§ ASSIGNMENT
In the entries below, begin at the line that has "Solardusche Poseidon" and stop after the line that has "Audi A3 2021 С пробегом - фото 7"; output those lines exactly, leaving out pictures.

§ STORED DATA
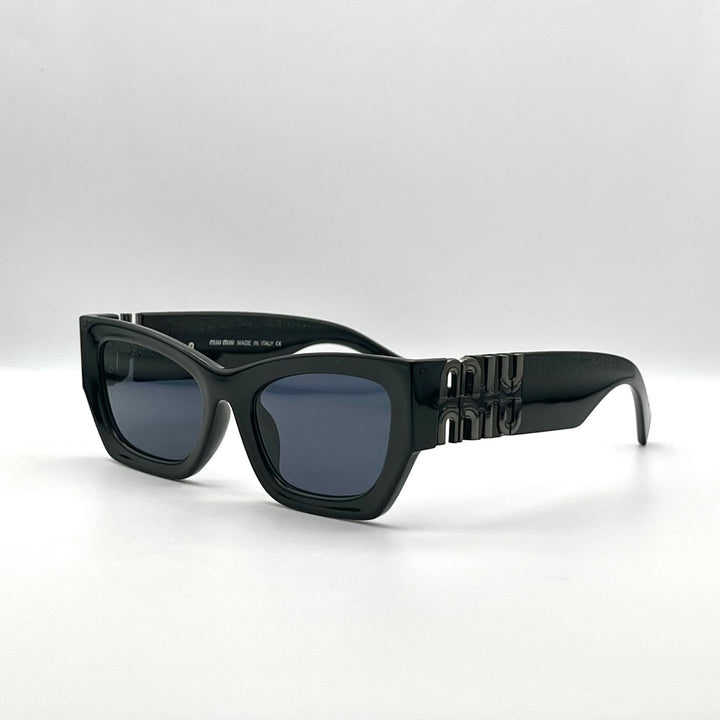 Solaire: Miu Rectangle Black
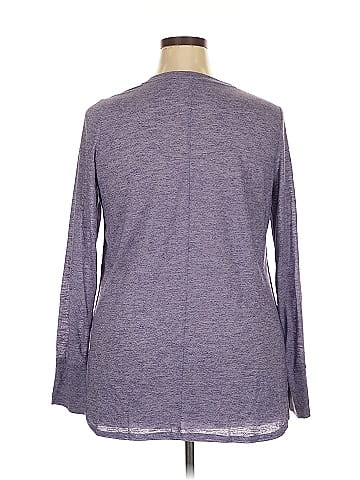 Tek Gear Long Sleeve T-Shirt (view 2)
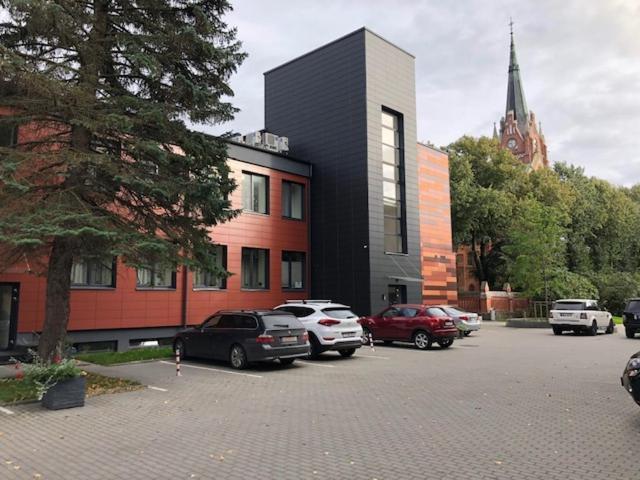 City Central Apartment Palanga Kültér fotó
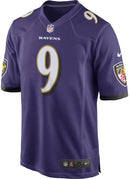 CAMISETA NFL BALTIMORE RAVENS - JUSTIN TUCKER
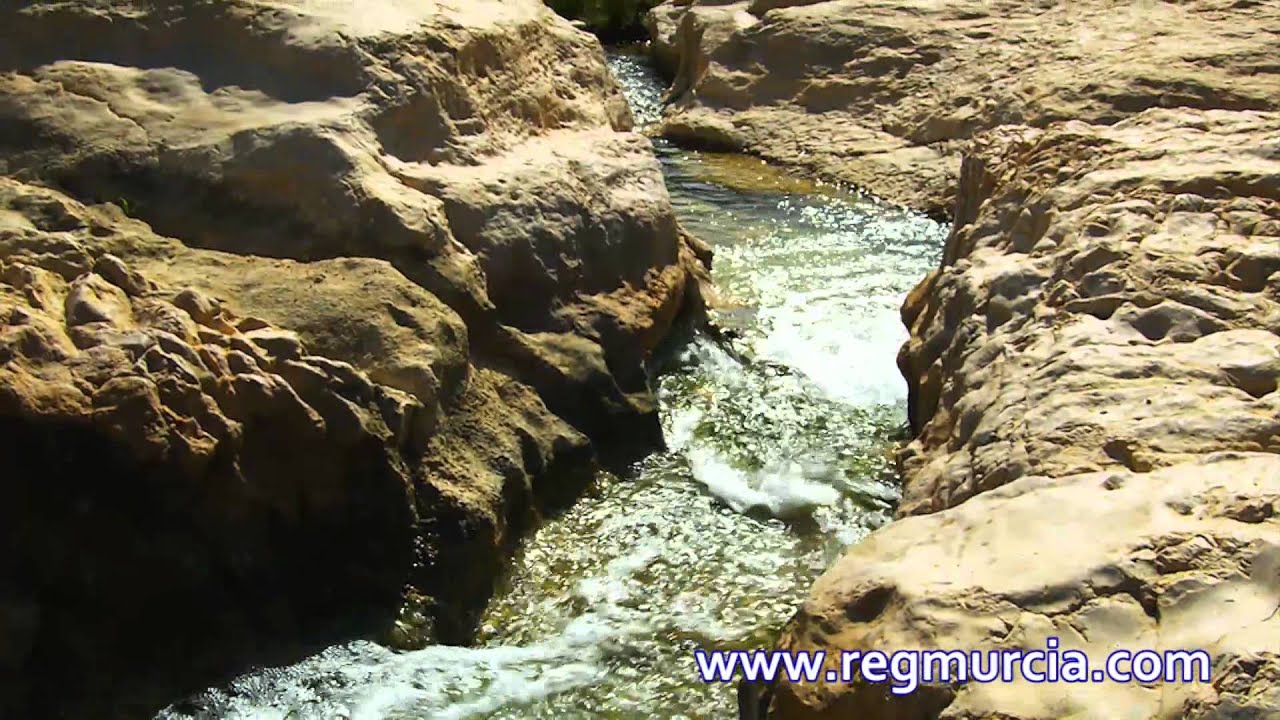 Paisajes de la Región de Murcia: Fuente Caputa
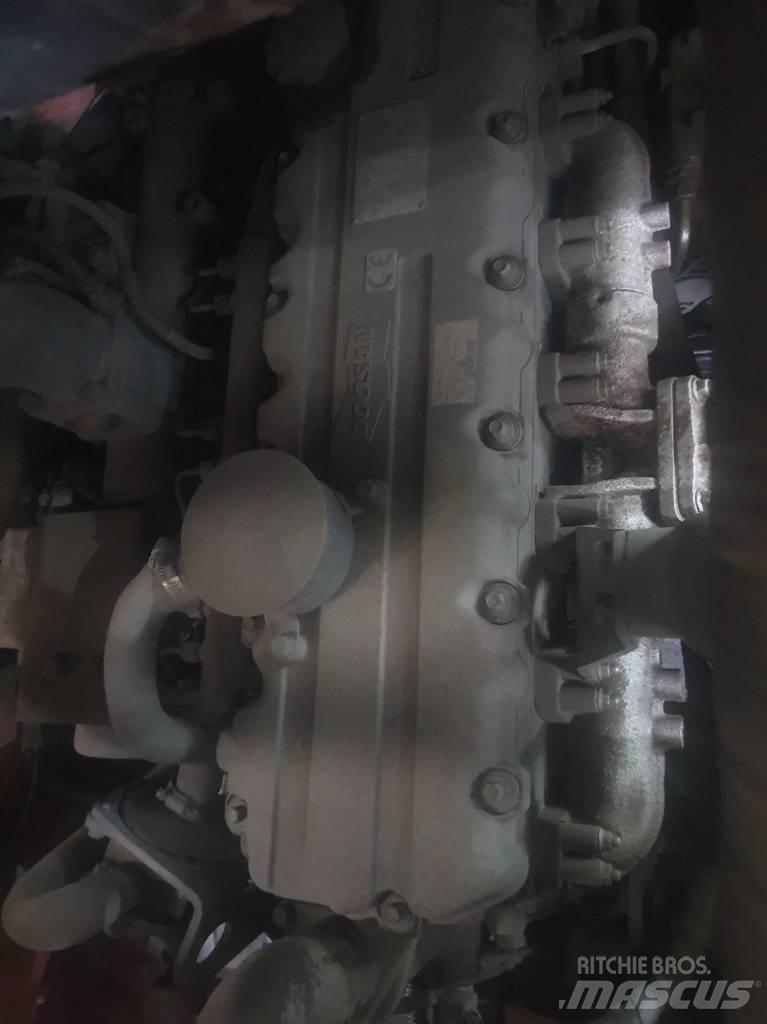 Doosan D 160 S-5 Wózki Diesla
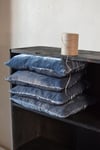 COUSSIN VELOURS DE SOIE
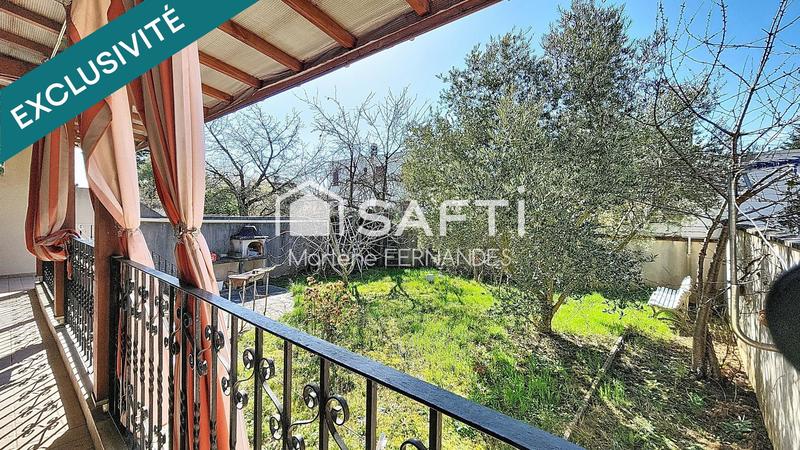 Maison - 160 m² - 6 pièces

...

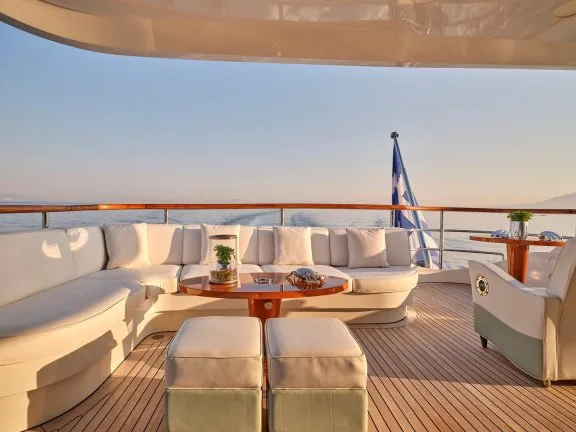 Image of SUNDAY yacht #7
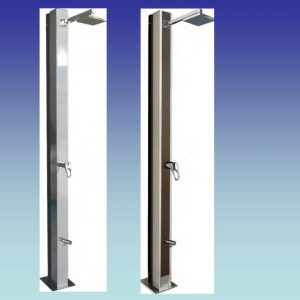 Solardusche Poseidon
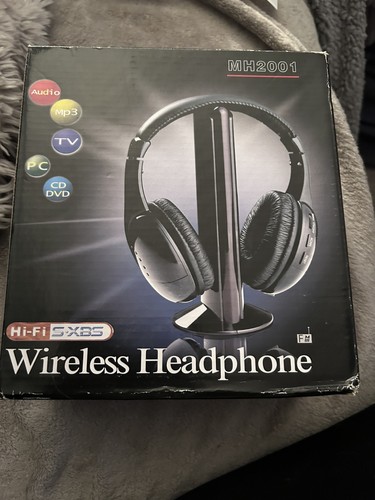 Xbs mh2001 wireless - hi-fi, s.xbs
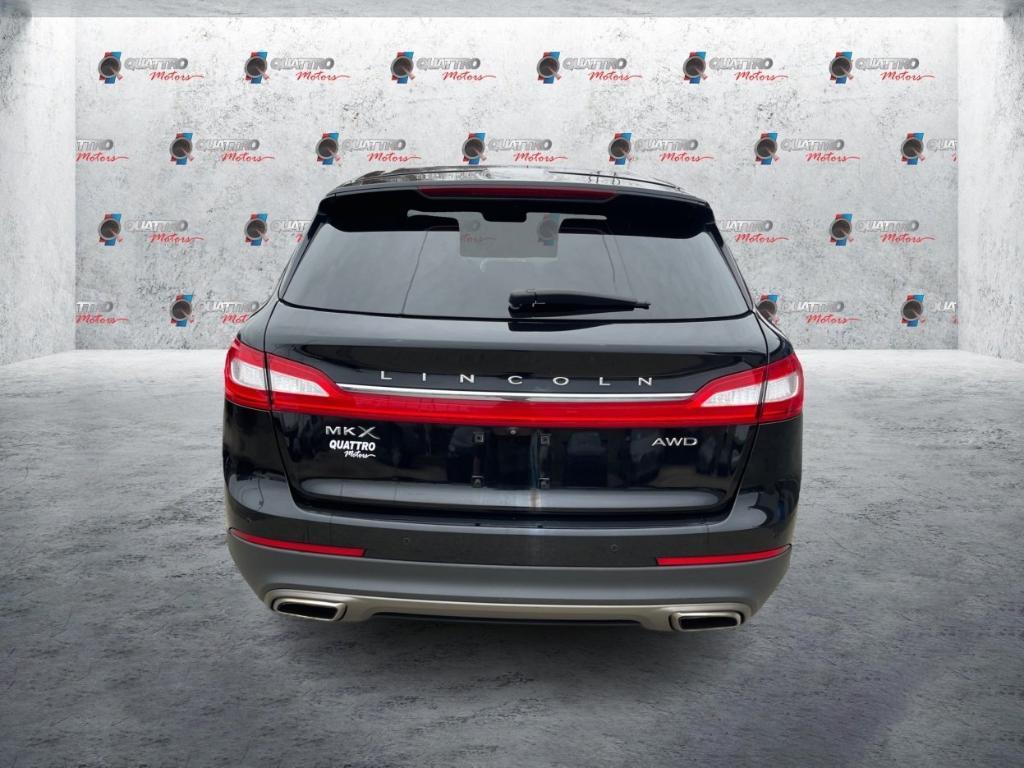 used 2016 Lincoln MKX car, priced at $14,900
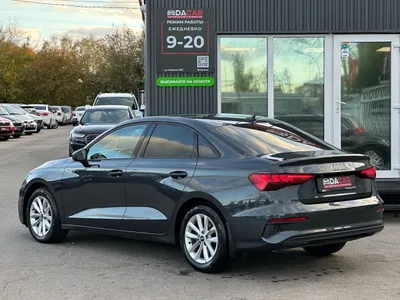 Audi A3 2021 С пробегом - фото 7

§ YOUR SOLUTION
 Solardusche Poseidon
 Xbs mh2001 wireless - hi-fi, s.xbs
 used 2016 Lincoln MKX car, priced at $14,900
 Audi A3 2021 С пробегом - фото 7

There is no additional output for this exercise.